**AVAILABLE DATA:**
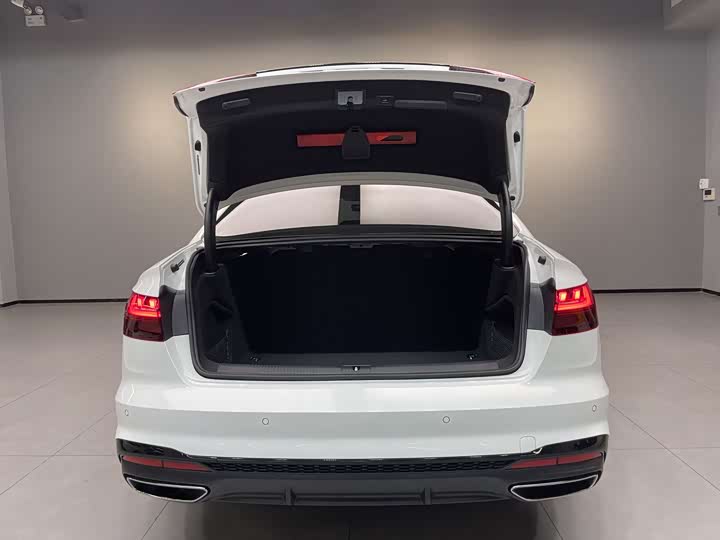 Фото 7 - Audi A4L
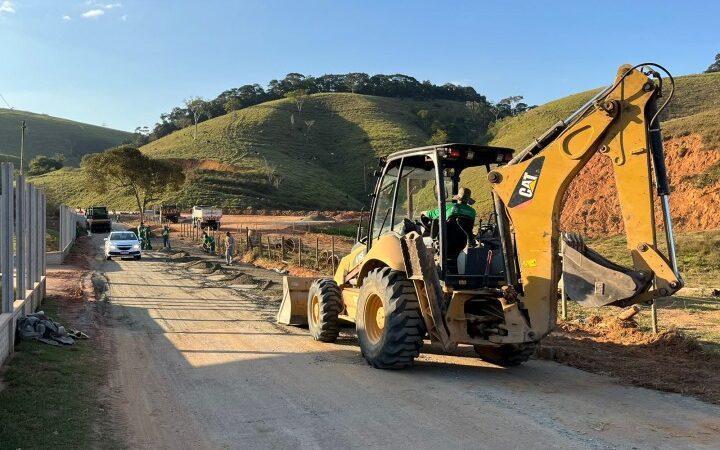 PREFEITO ACOMPANHA ANDAMENTO DAS OBRAS DE RECUPERAÇÃO DA ESTRADA QUE LIGA GUAÇUÍ A SÃO TIAGO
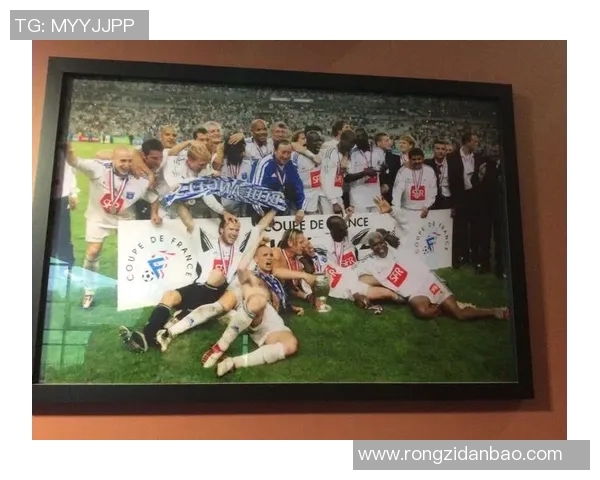 足球明星人物雕刻全景展示与艺术价值深度解析 足球明星人物雕刻全景展示与艺术价值深度解析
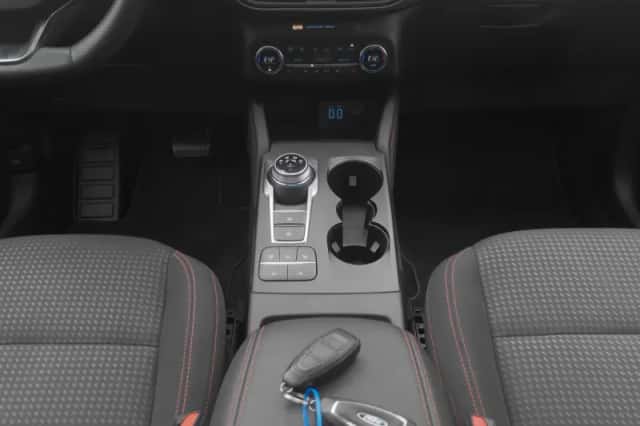 Ford Kuga (2022) thumbnail 12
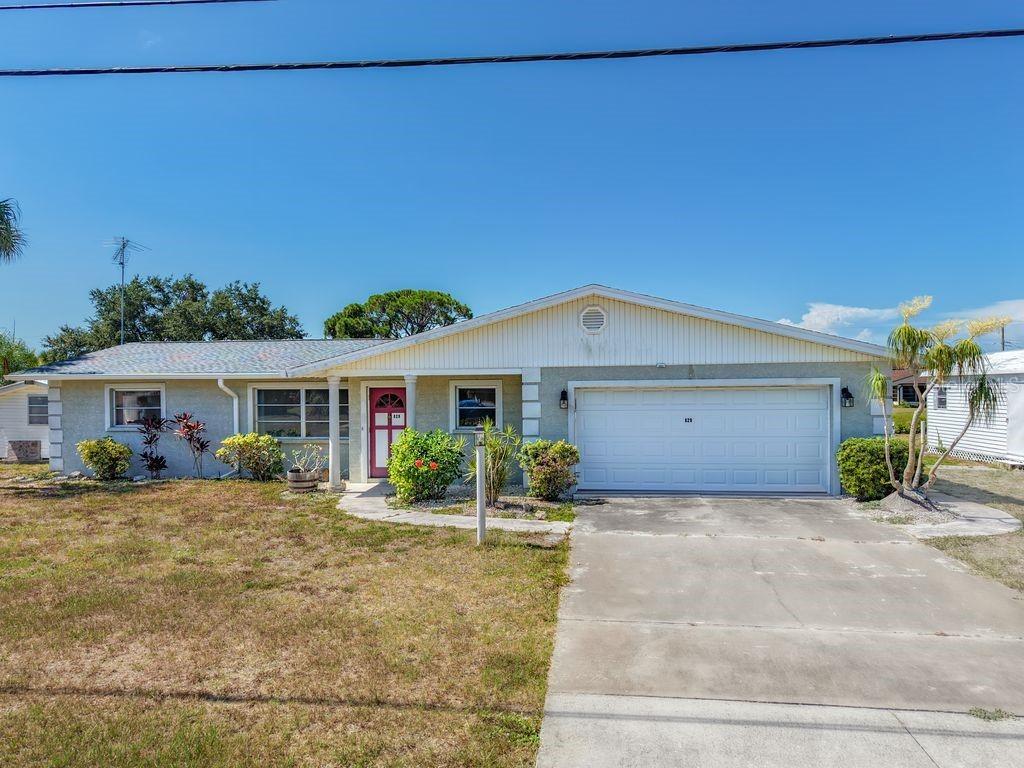 829 E 7th St., Englewood, FL 34223
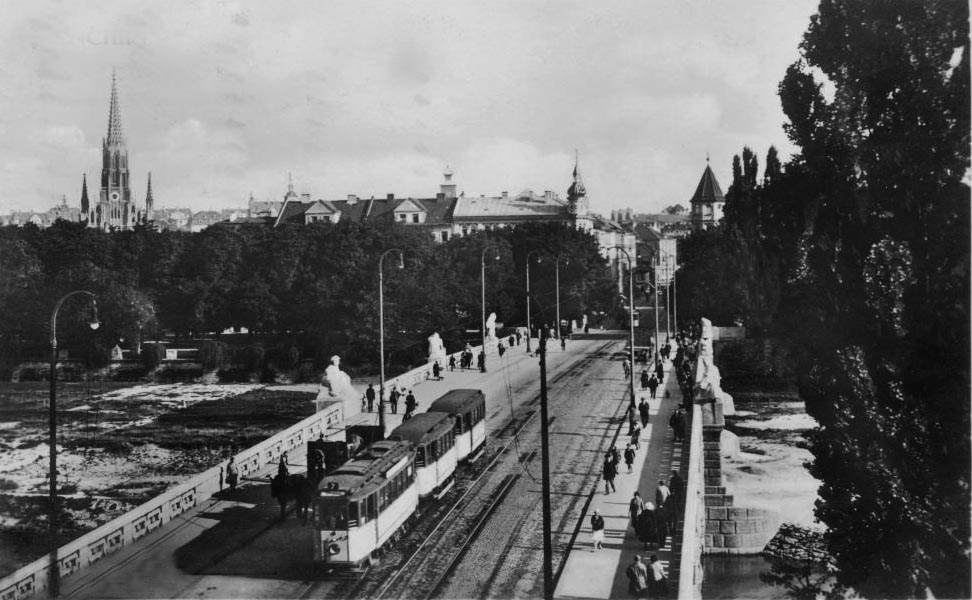 Unser Bild kommt aus dem Jahr 1929 und zeigt die Reichenbachbrücke in Betrieb mit einem Triebwagen Richtung Innenstadt.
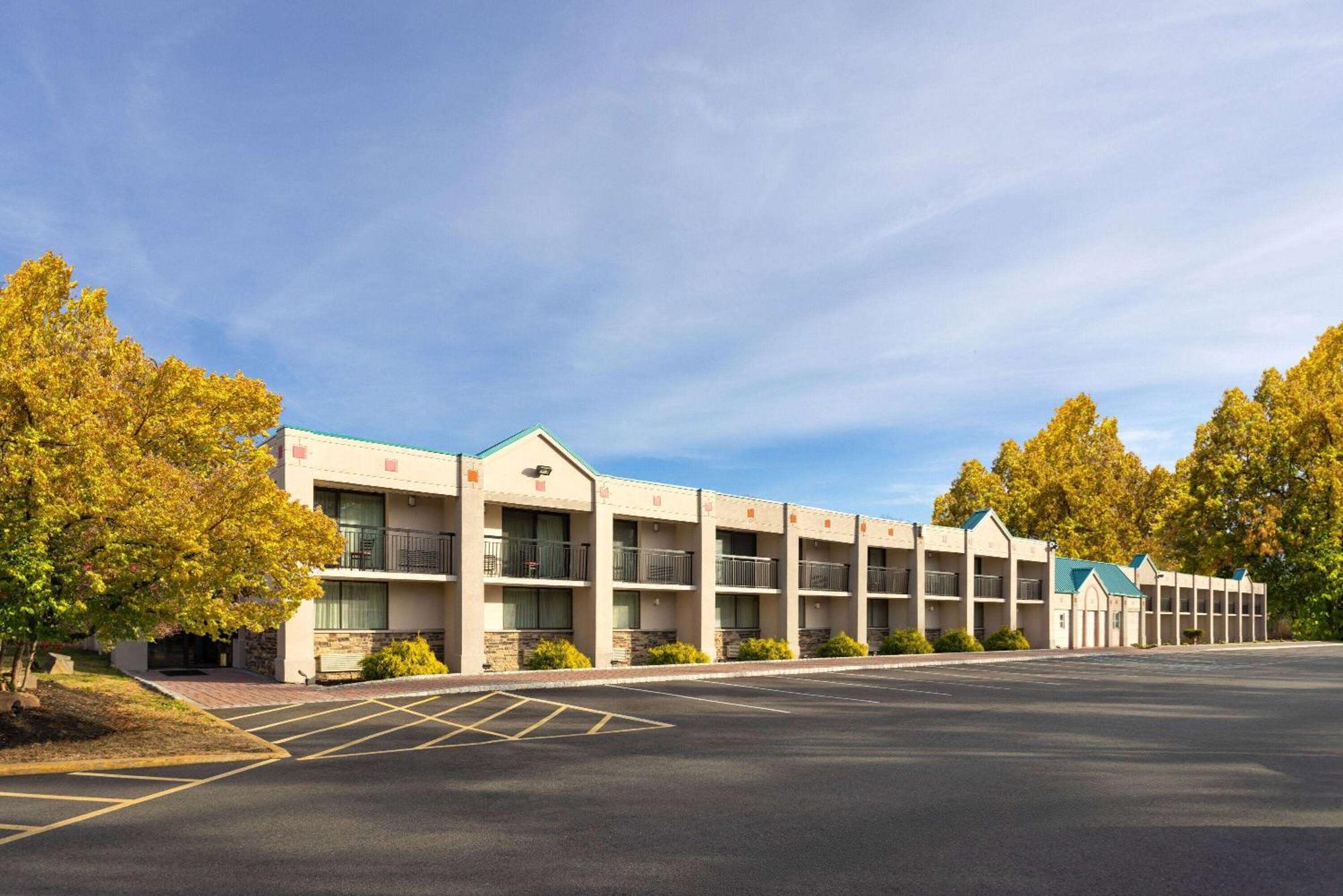 Ramada By Wyndham Parsippany Hotel Eksteriør billede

**TASK OBJECTIVE:**
Retype the records verbatim, excluding each image they hold.

**EXERCISE RESPONSE:**
 Фото 7 - Audi A4L
 PREFEITO ACOMPANHA ANDAMENTO DAS OBRAS DE RECUPERAÇÃO DA ESTRADA QUE LIGA GUAÇUÍ A SÃO TIAGO
 足球明星人物雕刻全景展示与艺术价值深度解析 足球明星人物雕刻全景展示与艺术价值深度解析
 Ford Kuga (2022) thumbnail 12
 829 E 7th St., Englewood, FL 34223
 Unser Bild kommt aus dem Jahr 1929 und zeigt die Reichenbachbrücke in Betrieb mit einem Triebwagen Richtung Innenstadt.
 Ramada By Wyndham Parsippany Hotel Eksteriør billede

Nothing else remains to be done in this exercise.